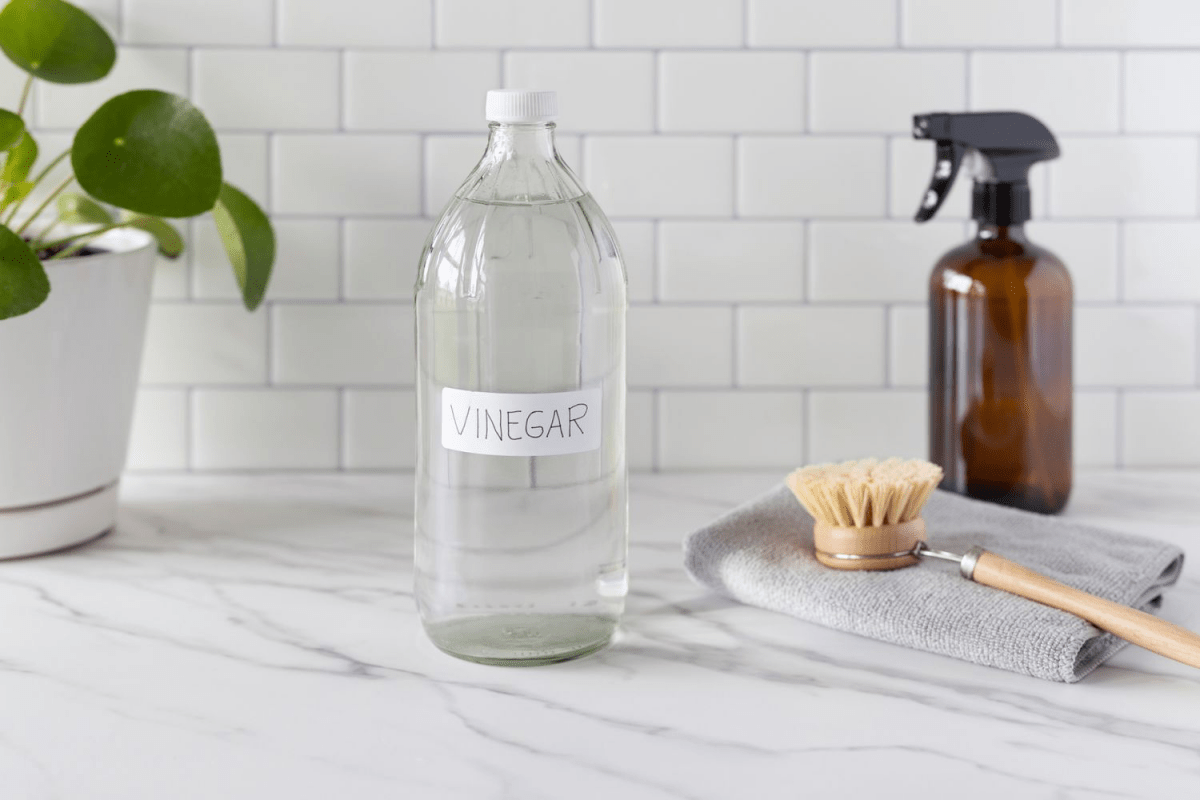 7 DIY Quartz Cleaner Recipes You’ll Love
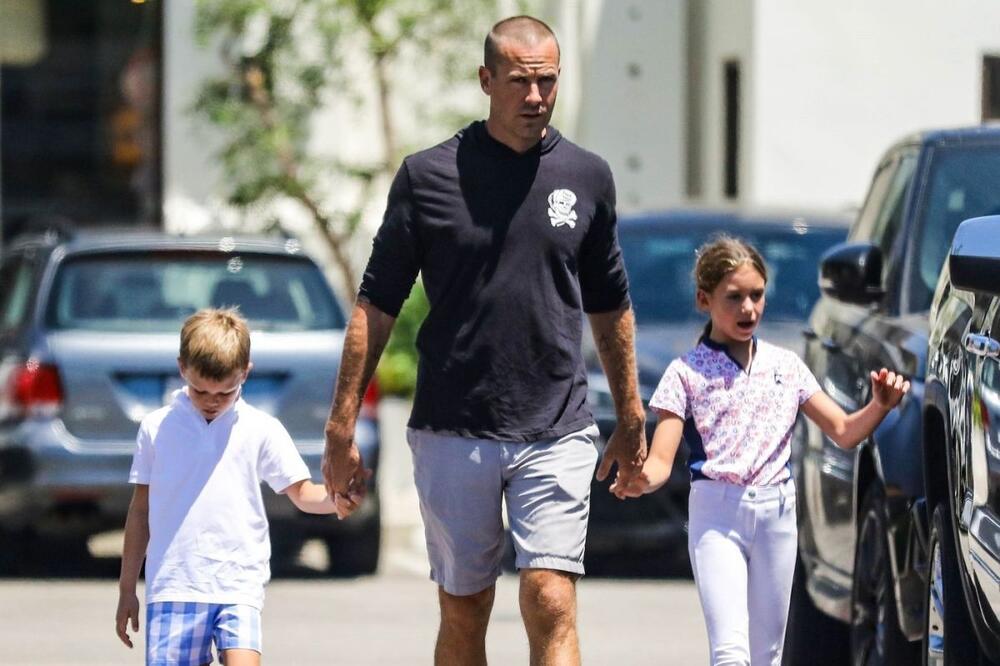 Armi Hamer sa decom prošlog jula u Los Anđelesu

* * *

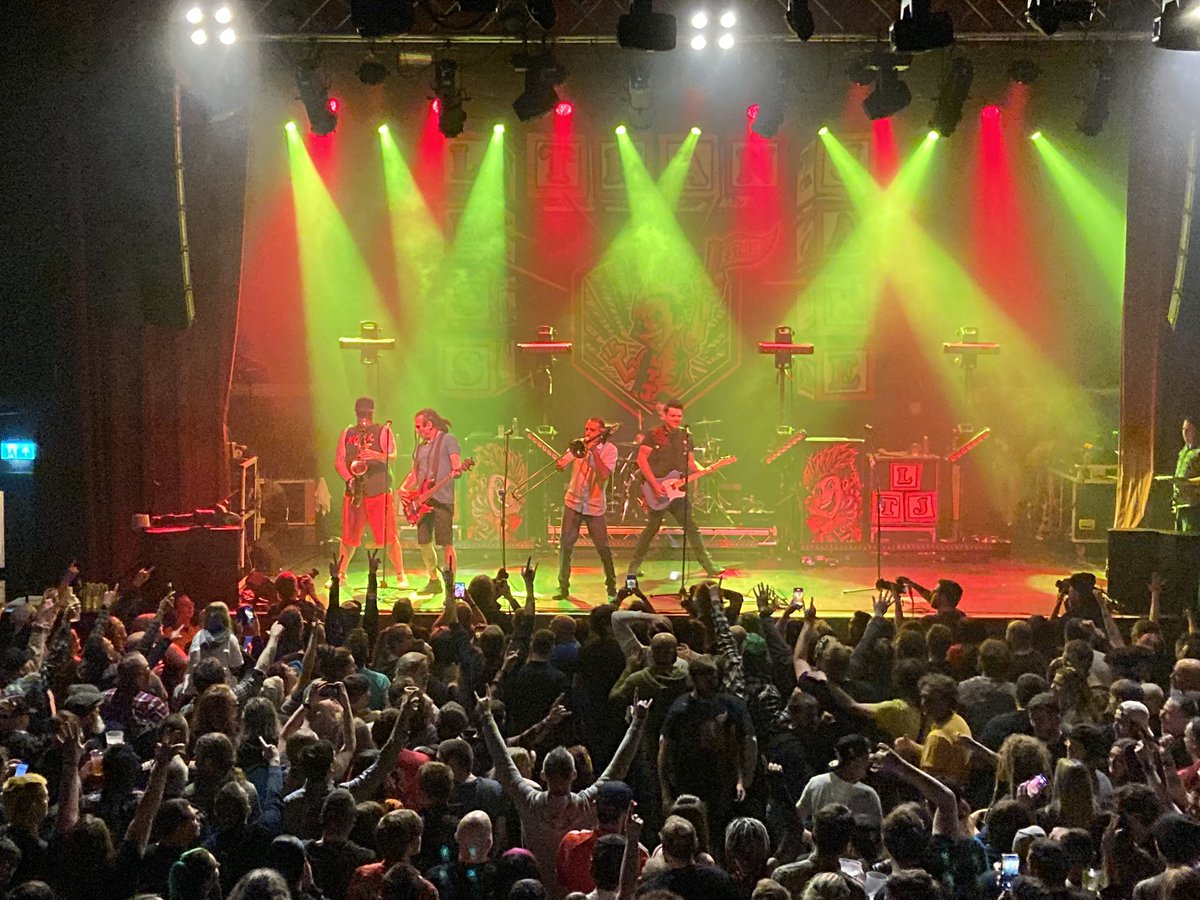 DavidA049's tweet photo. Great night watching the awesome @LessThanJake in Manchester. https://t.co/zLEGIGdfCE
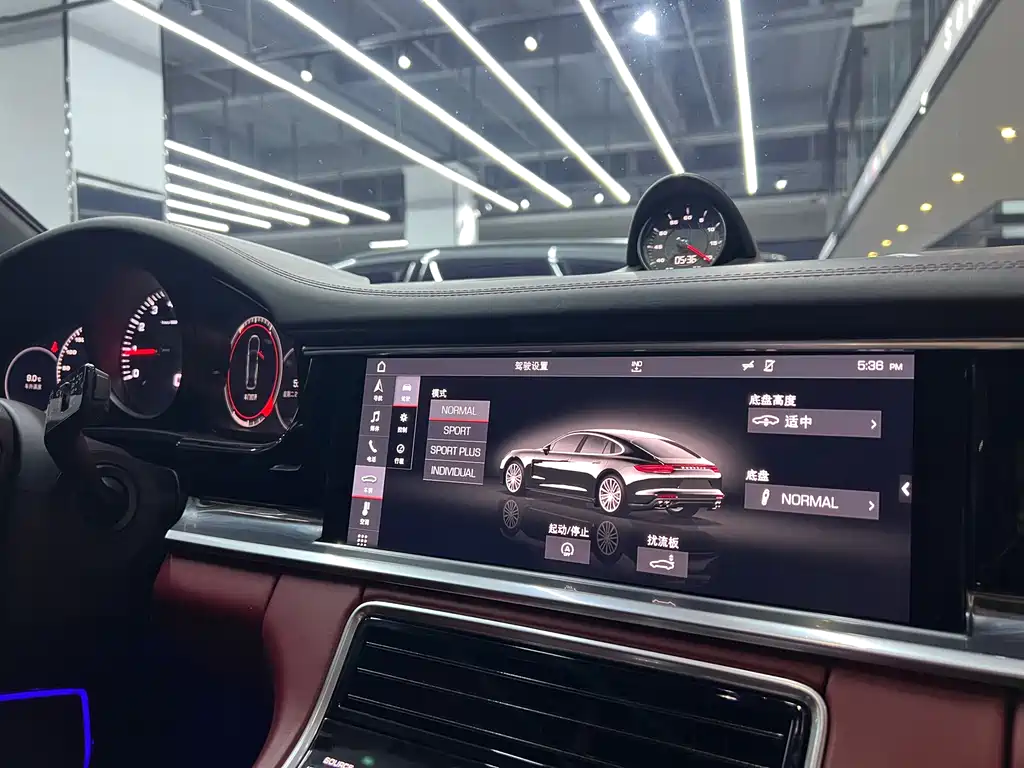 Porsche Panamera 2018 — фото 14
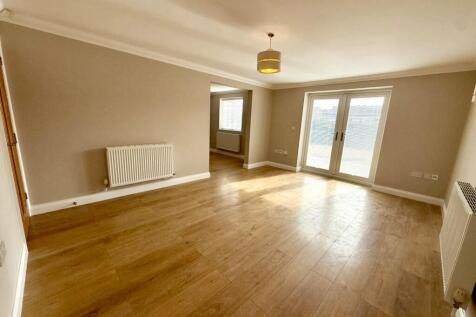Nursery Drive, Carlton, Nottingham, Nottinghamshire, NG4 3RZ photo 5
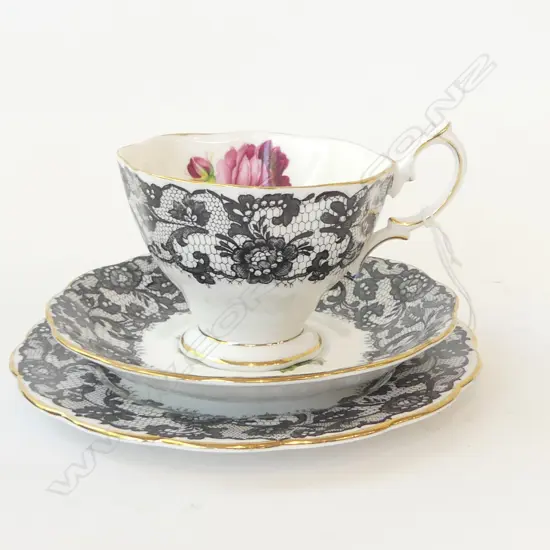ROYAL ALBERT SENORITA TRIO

What you will do —
Copy the lines above exactly, starting with the line that contains "7 DIY Quartz Cleaner Recipes You’ll Love" and ending with the line that contains "Armi Hamer sa", and leave out any pictures.

Task response —
 7 DIY Quartz Cleaner Recipes You’ll Love
 Armi Hamer sa decom prošlog jula u Los Anđelesu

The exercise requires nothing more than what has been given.